Japanese manga series

 (しあわせは食べて寝て待て, Shiawase wa Tabete Nete Mate) is a Japanese manga series written and illustrated by Tori Mizunagi. It began serialization in Akita Shoten's josei manga magazine For Mrs. in February 2020. A live-action television drama adaptation aired between April and May 2025.

==Synopsis==
Satoko Mugimaki is a 38-year-old woman who suffers from an immune system disorder which forces her to quit her previous job, and work in an office on a part-time basis at four days a week. Satoko later moves into a new apartment, and meets and befriends the landlady Suzu Miyama. Suzu notices that Satoko has health problems and volunteers to help her get better.
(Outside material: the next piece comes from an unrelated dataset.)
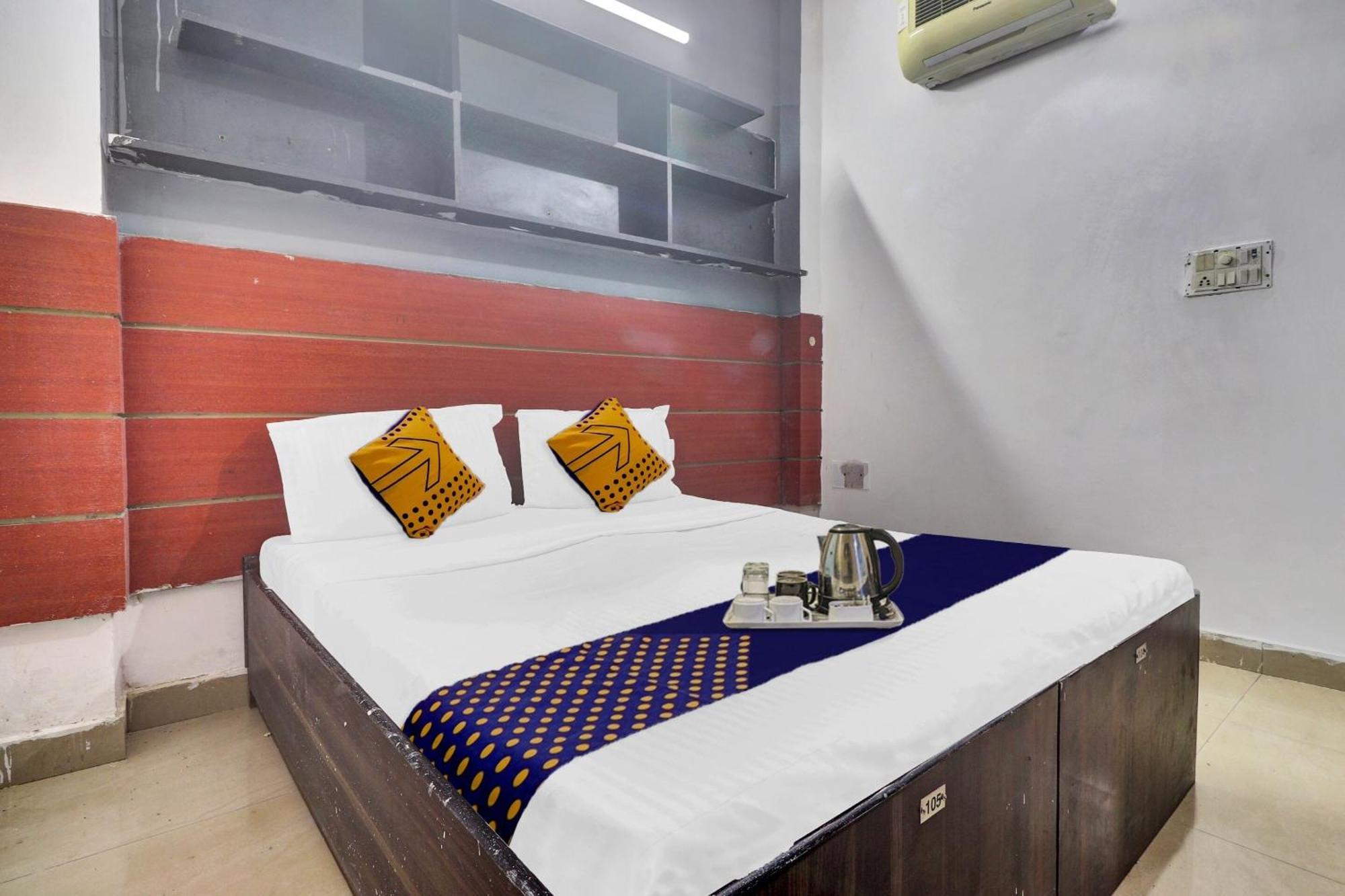 Spot On Hotel Thanks Near Akshardham New Delhi Eksteriør billede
Soon Satoko meets other people in her new neighborhood, and finds that it helps raise her spirits as she deals with her reoccurring health problems.

==Characters==
- Satoko Mugimaki (麦巻さとこ, Mugimaki Satoko)

- Suzu Miyama (美山鈴, Miyama Suzu)

- Tsukasa Hajiro (羽白司, Hajiro Tsukasa)

- Keiichirō Tō (唐圭一郎, Tō Keiichirō)

- Otome Aoba (青葉乙女, Aoba Otome)

- Hiroki Mashiko (マシコヒロキ, Mashiko Hiroki)

- Chiharu Tomoezawa (巴沢千春, Tomoezawa Chiharu)

- Riku Sorihashi (反橋りく, Sorihashi Riku)

- Hitoshi Yatsugashira (八つ頭仁志, Yatsugashira Hitoshi)

- Natsuki Kōma (高麗なつき, Kōma Natsuki)

- Yumi Mejiro (目白弓, Mejiro Yumi)

- Keiko Mugimaki (麦巻惠子, Mugimaki Keiko)

==Media==
===Manga===
Written and illustrated by Tori Mizunagi, Shiawase wa Tabete Nete Mate began serialization in Akita Shoten's josei manga magazine For Mrs. on February 3, 2020. Its chapters have been collected in six tankōbon volumes as of October 2025.

| No. | Release date | ISBN |
|---|---|---|
| 1 | April 16, 2021 | 978-4-253-16082-7 |
| 2 | November 16, 2021 | 978-4-253-16083-4 |
| 3 | October 14, 2022 | 978-4-253-16084-1 |
| 4 | September 14, 2023 | 978-4-253-16085-8 |
| 5 | November 15, 2024 | 978-4-253-16396-5 |
| 6 | October 16, 2025 | 978-4-253-00428-2 |

===Drama===
A live-action television drama adaptation aired on NHK General TV from April 1, to May 27, 2025. The drama starred Yuki Sakurai, Mariko Kaga, Hio Miyazawa in lead roles, and Seiji Fukushi, Tomoko Tabata, Kie Kitano, and Mayumi Asaka among others in supporting roles. A television special is set to premiere on NHK General TV in Q3 2026.

==Reception==
The series was ranked eighth in the 2022 edition of Takarajimasha's Kono Manga ga Sugoi! guidebook list of best manga for female readers. The series was ranked ninth in the 2025 Da Vinci Book of the Year ranking.